Mad Max: Fury Road (2015) – Mad Max: Fury Road takes place in a post-apocalyptic world where water is scarce and land stretches ever-outwards into a barren wasteland. Following the collapse of civilisation, survivors are imprisoned in a desert camp and subjected to the mistreatment of a tyrannical leader. One woman, Furiosa, manages to free the villain’s five wives and, in partnership with Mad Max, they flee from captivity in an armoured truck. What ensues is a thrilling chase through the endless Wasteland that is often waylaid by the perils of their merciless environment. Dust storms, heat, and an unquenchable thirst are as viable of enemies as the fugitives’ cruel pursuant and captor. Much like Kai and Vania in The Burning, every character is coated in a layer of dirt and grime, as though the desert has even laid claim to their very bodies.

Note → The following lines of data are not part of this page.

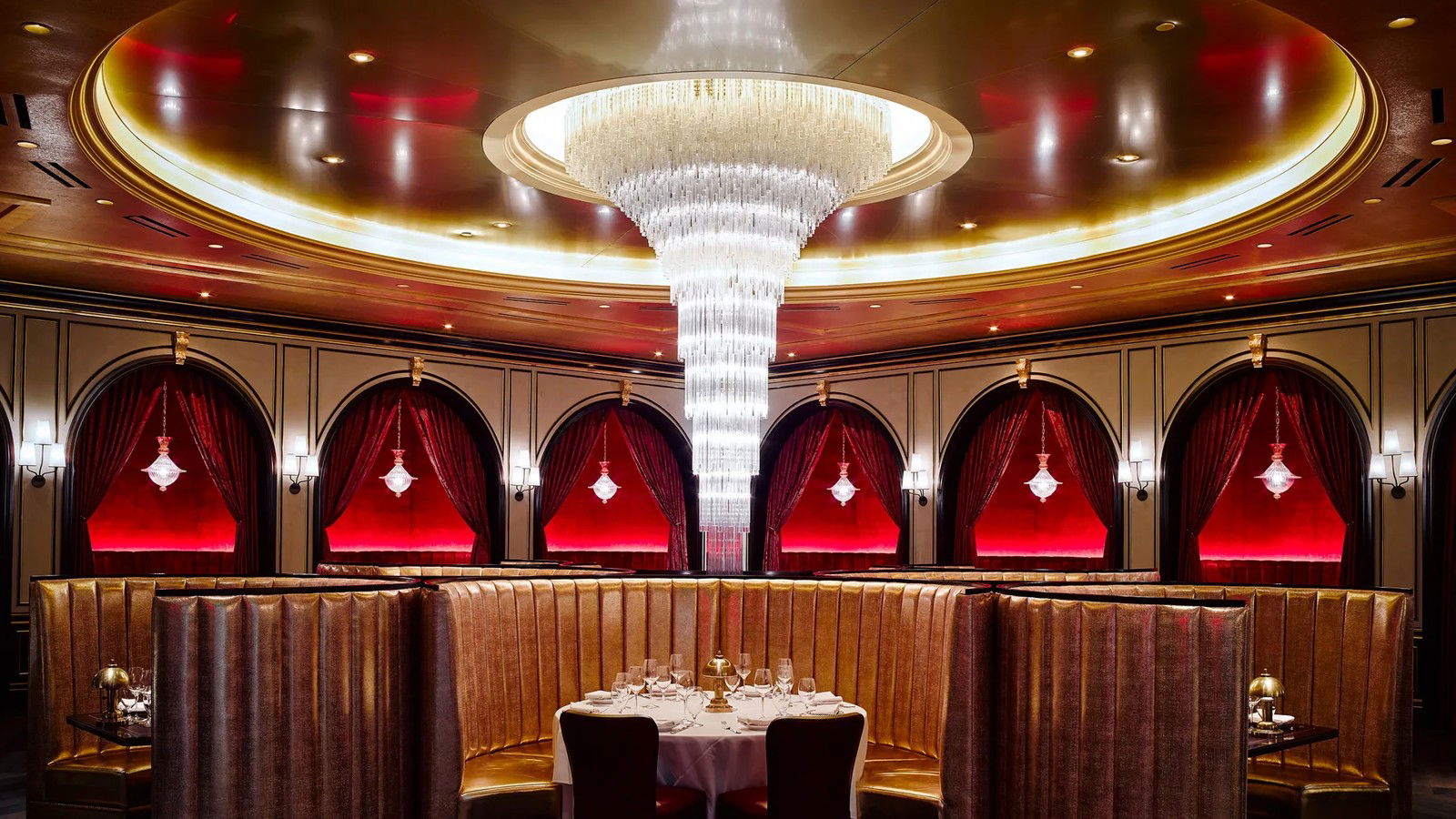 An opulent dining room with gold leather booths, arched alcoves with red velvet curtains, crystal pendant lights, and a large tiered crystal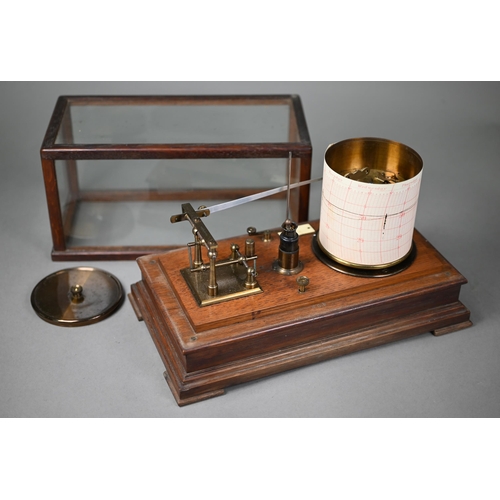 992 - A vintage barograph in glazed oak case, 32 cm wide, to/w two boxes of spare charts and a bottle of i... 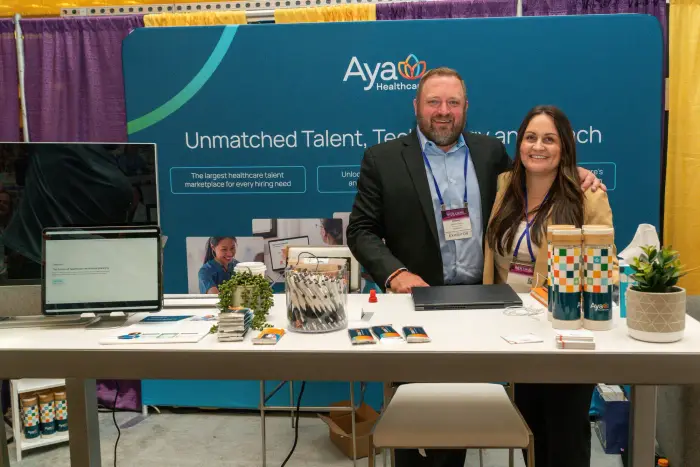 Two people at an exhibitor booth in the vendor hall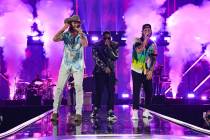 Nelly (C) performs with (L-R) Brian Kelley and Tyler Hubbard of Florida Georgia Line onstage du ...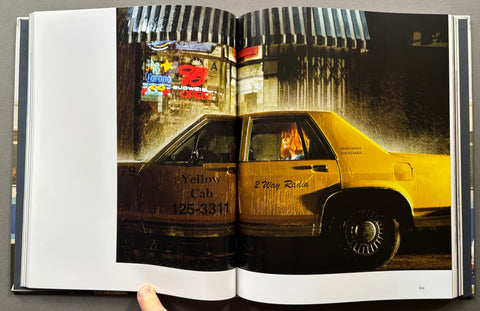 An open book showing a large color photograph printed on the pages, depicting a yellow cab in a rainy city street scene at night. A hand is visible holding the open book.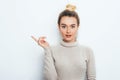 Look There! Surprised Attractive young female lady wearing in sweater with hair bun showing emotions on white wall. Shocked woman Royalty Free Stock Photo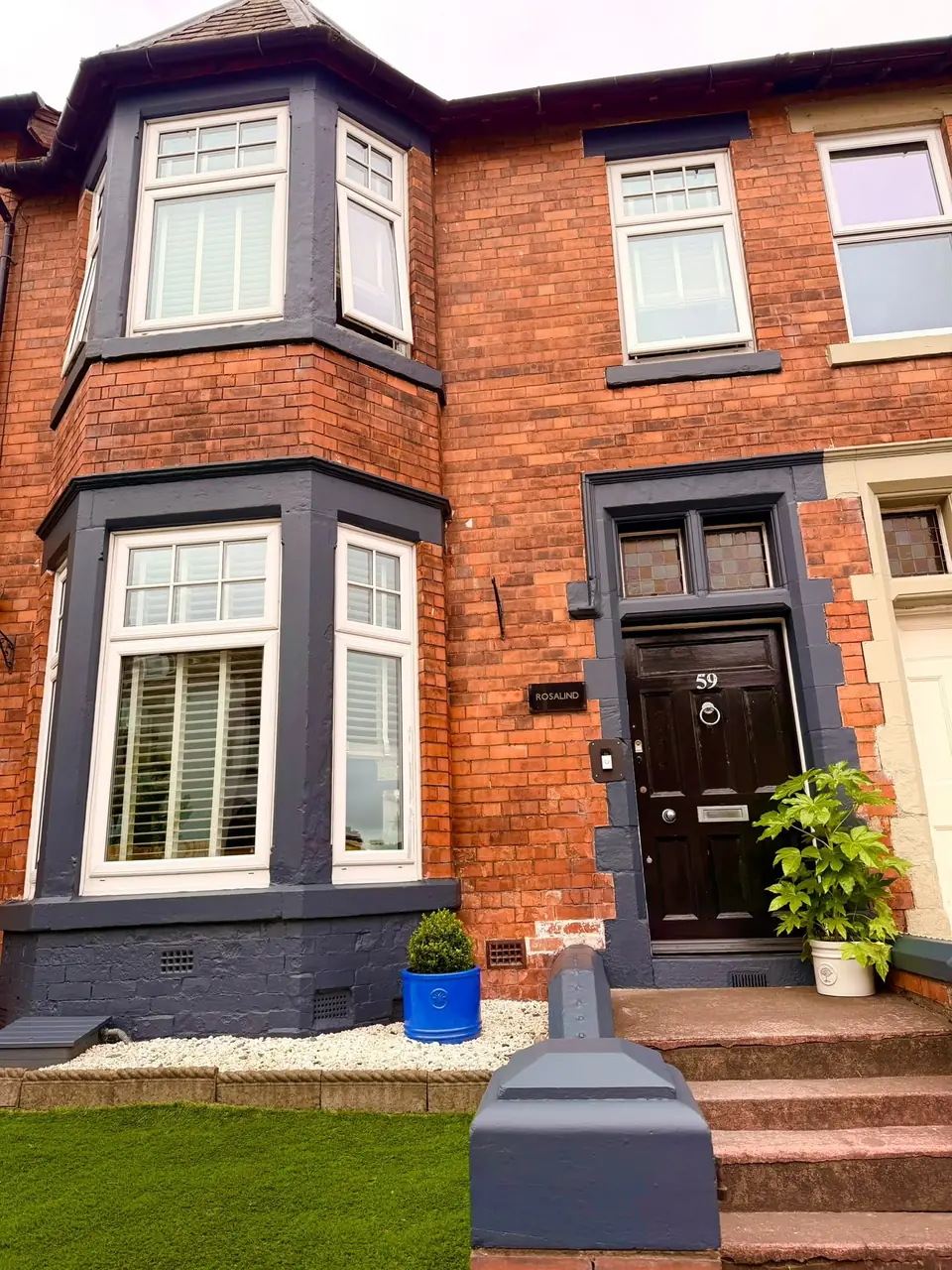 Victorian red-brick terrace: bay window surrounds, door surround and plinth painted dark grey-blue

The Burning (2015) – Set in the treacherous world of the Parana jungle, The Burning is a sweaty action-thriller that follows a trio of locals’ struggle to prevent the exploitation of their lands. While trying to evade the clutches of greedy mercenaries (meeting both success and failure in this venture), our three heroes must also grapple with the more natural perils concealed within the shadows of their surroundings. On several occasions are the torn and pulpy corpses of the jungle’s victims shown in all their gruesome, bloody glory – proving that even the more modernised powers of civilisation fall prey to the savagery of the wild.